Dysfunctional protagonists seem to be the “thing” in modern books, TV, and movies. The damaged hero is often as “messed up” as the villain. It’s gotten to the point where you wonder if there’s an unofficial competition to create the world’s most broken protagonist. I’ve heard authors admit to “piling on” the trauma, going out of their way to load down their character’s pasts with as much tragedy and affliction as possible. I’ve read some books where the author went so far with the dysfunction device, the protagonist (and most of the supporting characters) ended up being a walking collection of problems that bogged the story down more than advanced it. The dysfunctional hero trope is so common it’s now used to comic effect. Wreck-It Ralph, a hilarious movie about the secret lives of arcade game characters, explicitly describes one as “being programmed with the most tragic backstory ever”. The Ref, a hilarious movie about a home invasion, plays on the idea that the victims are so screwed up, the “bad guy” ends up becoming their counselor.

I’m not opposed to dysfunction in film and literature on general principle, as long as the dysfunction is an integral part of the story and not just something glommed onto a character in an effort to be trendy. Some of my favorite characters have issues. I’ll add Det. Bobby Goren to the ones mentioned above. A schizophrenic mother, a uninvolved stepfather, and a serial killer biological father certainly put the quirky star of “Law and Order: Criminal Intent” high on the screwed-up life list. But I do think dysfunction has been overdone. It’s so prevalent, it’s become humdrum.
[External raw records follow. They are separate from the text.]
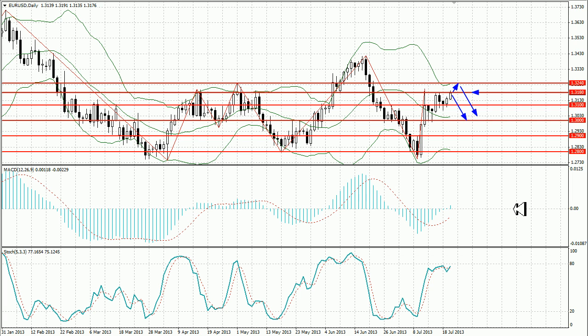The price chart is approaching the upper line of Bollinger Bands at 1.3240. MACD histogram enters the oversold zone. Stochastic lines cross, giving us a signal to buy. We would recommend opening long trades if the price overcomes level 1.3180 strongly; otherwise short positions with take profits at 1.30 are an obvious decision. Sell limit orders can also be placed at 1.3240.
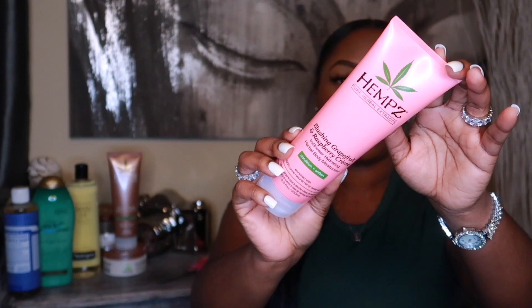Still in the Hempz family — this right here is the Blushing Grapefruit and Raspberry Cream. Grapefruit and raspberry sounds really good, but honestly it smells okay — it's not giving what it could have given. It's nothing compared to that coconut. It's not all that, but it's okay. I did get the body wash as well as the lotion for this scent.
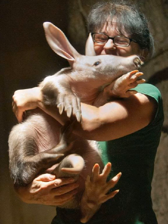Where does the name aardvark come from? The name aardvark comes from South Africa's Afrikaans language and means "earth pig" or "ground pig."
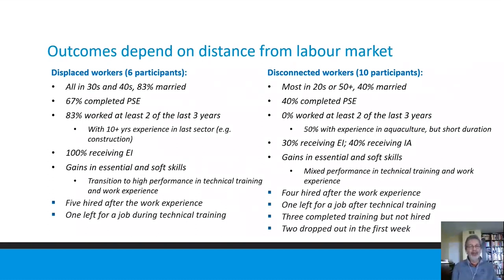In terms of outcomes, we divided our unemployed participants into two quite different groups. We call the first the 'displaced workers' — all in their 30s and 40s, mainly married, with a high proportion of post-secondary education, very connected to the labor market, most having worked at least two of the past three years, and deep sector experience especially in construction with 10-plus years. They were all receiving EI. On the other hand, the 'disconnected' group had a wider age range with more young and older people, mainly single, very few had completed post-secondary, and zero percent had worked at least two of the past three years. Some had aquaculture experience but very short duration, and 40% were receiving income assistance.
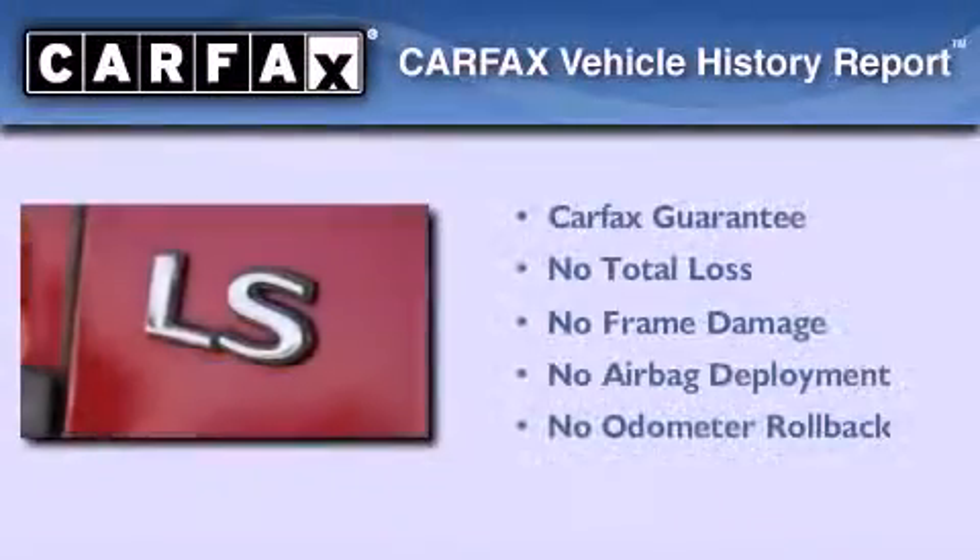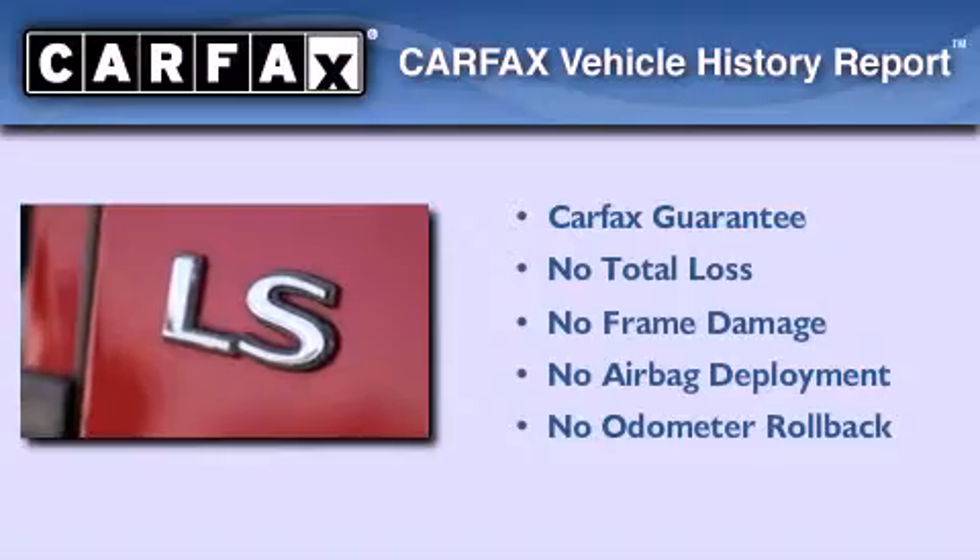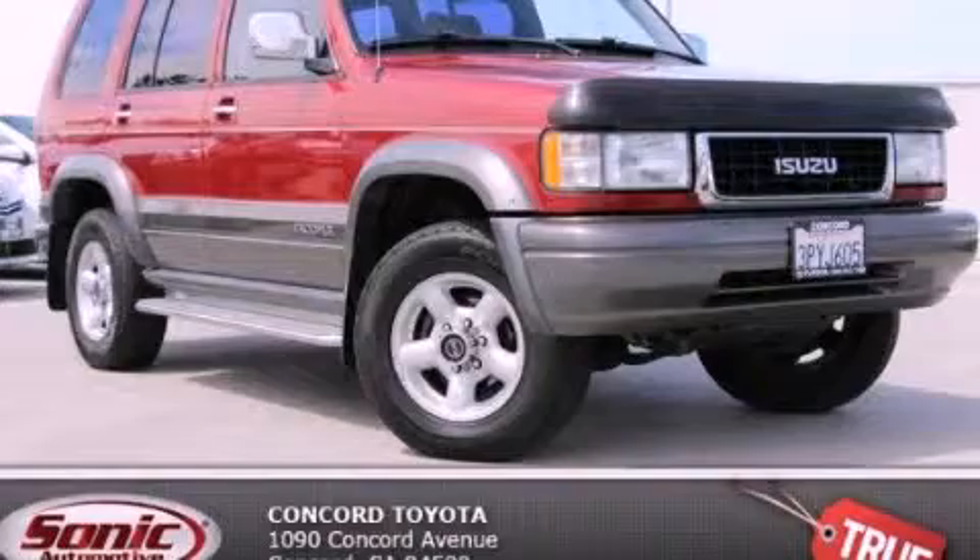Not to mention that this Isuzu qualifies for the Carfax buyback guarantee. Call or visit us right now and arrange your test drive today.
Take a pill, already, see a therapist. Some authors (including authors of screenplays) don’t even try anymore. They grab a psychopathology textbook and saddle their protagonists with a laundry list of complexes and personal problems, occasionally throwing in a physical issue or two for variety, and call it a day. They assume that’s all that’s required to create a character worth sticking with for a couple hundred pages or a couple of hours in a theater or past the first commercial break. But “effed up” is not a synonym for interesting. I admit syrupy-sweet, “perfect” characters with charmed lives are annoyingly Pollyanna-ish. Average characters, however, are not. At least they don’t have to be. Don’t we all know at least one “basically normal” person who interests us? A dysfunctional background is not a prerequisite for drama and conflict. And well-adjusted doesn’t mean nothing bad ever happens. Bad things happen to good people all the time. Look at the 1956 remake of The Man Who Knew Too Much. James Stewart and Doris Day epitomize middle-class normality on vacation. Then they witness a murder. Then their daughter is kidnapped. Bad things. Not boring. In Hitchcock’s Shadow of a Doubt, an average, well-adjusted girl must confront the fact that seemingly normal, well-adjusted Uncle Charlie may not be. The ordinariness, bordering on banality, of the people and the town heighten the suspense and terror in the film. The devil comes to visit Norman Rockwell. In Suddenly, Frank Sinatra’s hitman holds an average family hostage in their ordinary home as part of his plot to assassinate the President. Nothing dull about that. The Slender Thread offers “regular-guy,” college student Sidney Poitier as a crisis hotline volunteer who must locate the suicidal woman who calls him before the pills she swallowed have their intended effect. Plenty of drama. Normal is not a synonym for snooze-fest.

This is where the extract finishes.